Aullemos, dijo Saramago

Anoche Saramago habló con su acento maravilloso, y aulló también, perro portugués como los que corean la partición de la balsa ibérica en una de sus novelas.

Habló Saramago de la democracia, de la verdad, la justicia, la bondad y la decencia. Aulló, "para que se le oyera" e invitó a aullar a todos los seres humanos de buena voluntad y entendederas, "para que se nos oiga", para que la democracia sea algo más que "lo menos malo", y la justicia recupere las posibilidades que nunca ha tenido.

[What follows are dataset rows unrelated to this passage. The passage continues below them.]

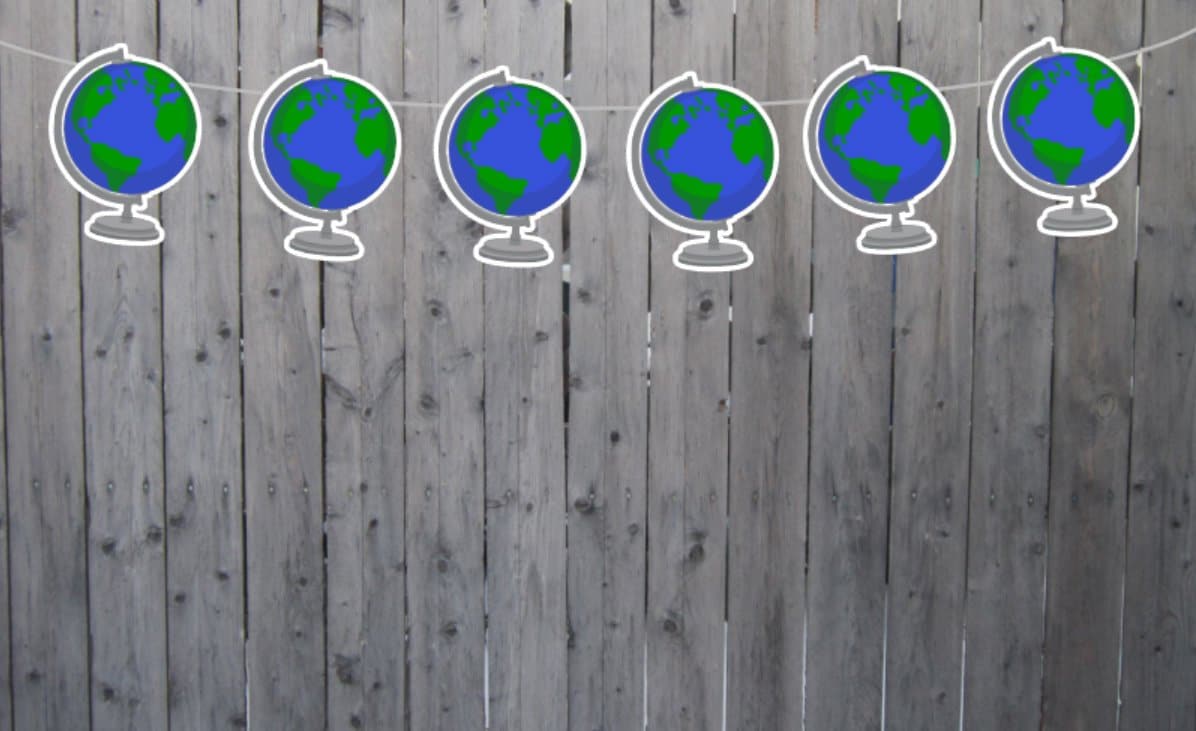 GLOBE GARLAND, Globe Banner, Travel Banner, Travel Birthday, Travel Party, Globe Photo Prop, Globe Room Decoration - 32419947A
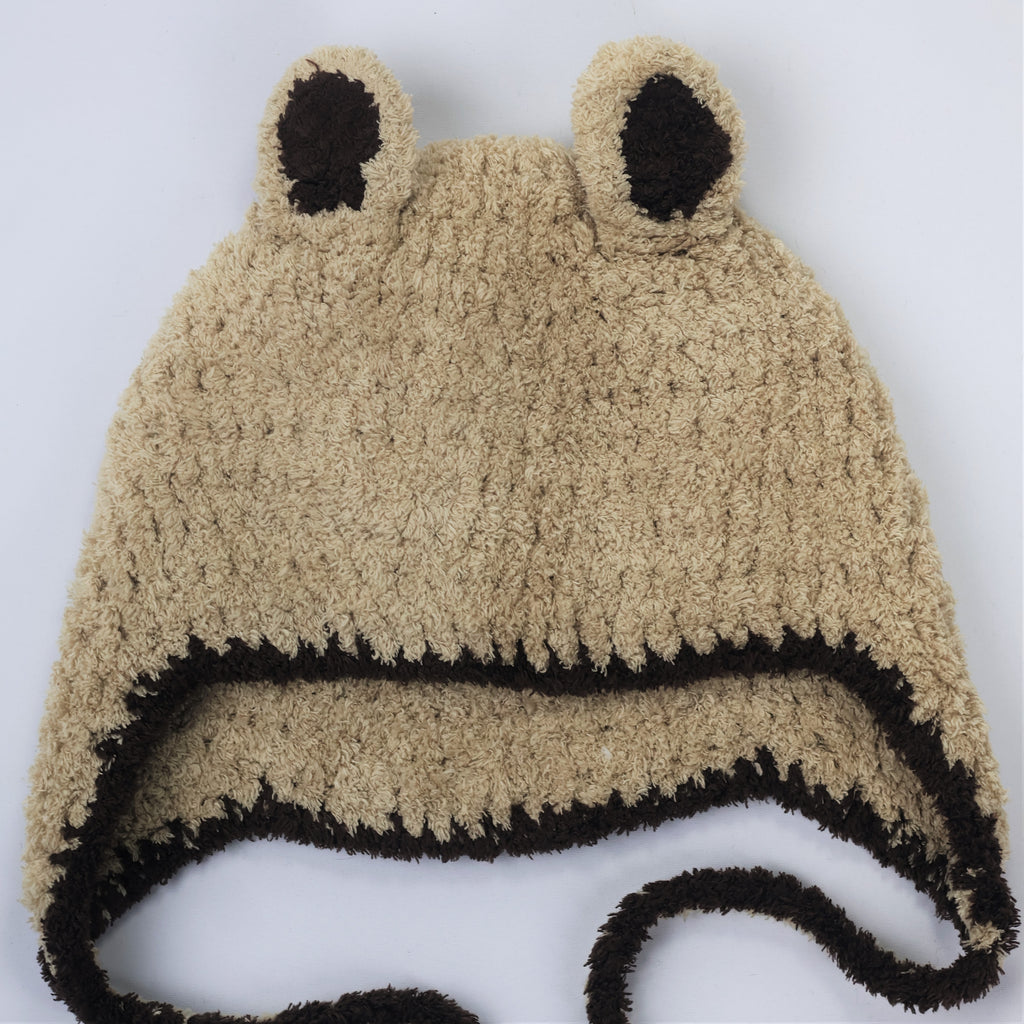 Cute Teddy Bear Fleece Cap with Ear Flaps & Flower Poms - Warm Kids Headwear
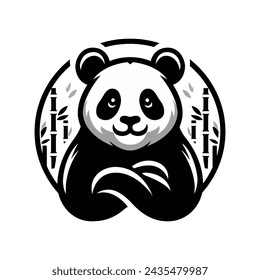 Es ist ein niedlicher Panda-Vektor, den man überall nutzen kann.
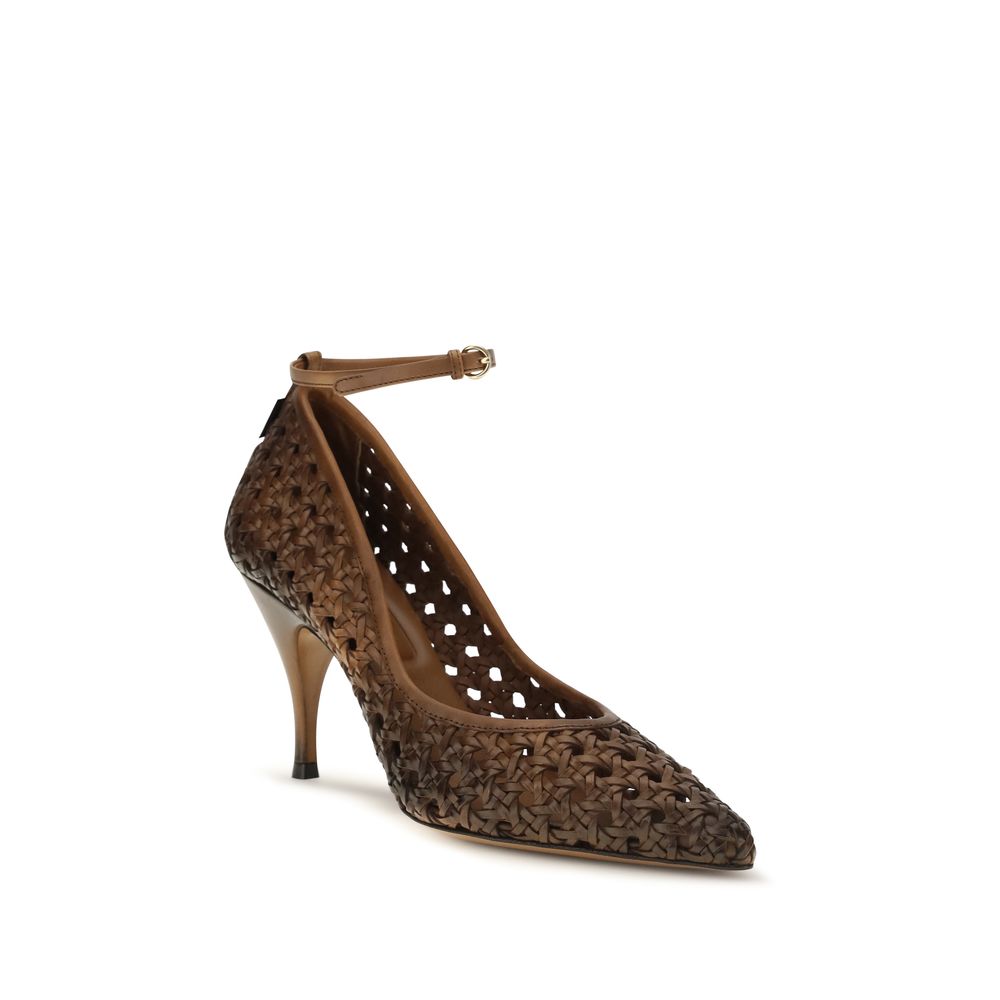 Décolleté in pelle intrecciata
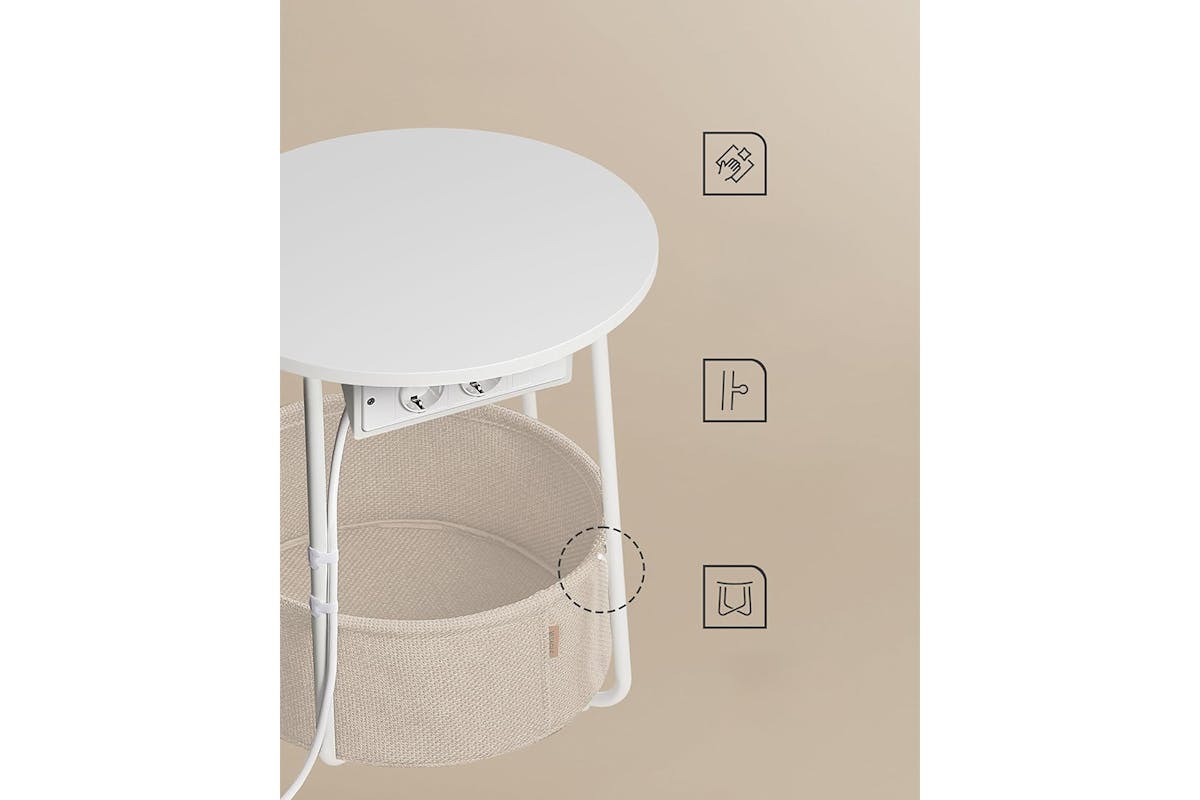 Vasagle Small Round Coffee Table with Power Strip | Matt White/Camel Brown-6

José Saramago, además de un maravilloso escritor, es un hombre bueno, que defiende lo bueno, lo justo y lo necesario. La bondad y la justicia que defiende Saramago no son las del idealista de cabello plateado que vive a espaldas de la realidad, con su sangre y sus suciedades. La utopía que postula es la necesaria, la pragmática, la egoísta si se quiere. En su último libro, el 83% del electorado de un país vota en blanco. Lo hacen para protestar sobre la naturaleza formal y hueca de la democracia en que viven (vivimos). Lo hacen con un afán colectivo de utopía, pero con los pies en la tierra con que se construye la realidad. Como ese alfarero, protagonista de otra de sus novelas, que sigue trabajando en su taller, a sabiendas de que es lo único posible, en un mundo que ya le ha condenado a la nada.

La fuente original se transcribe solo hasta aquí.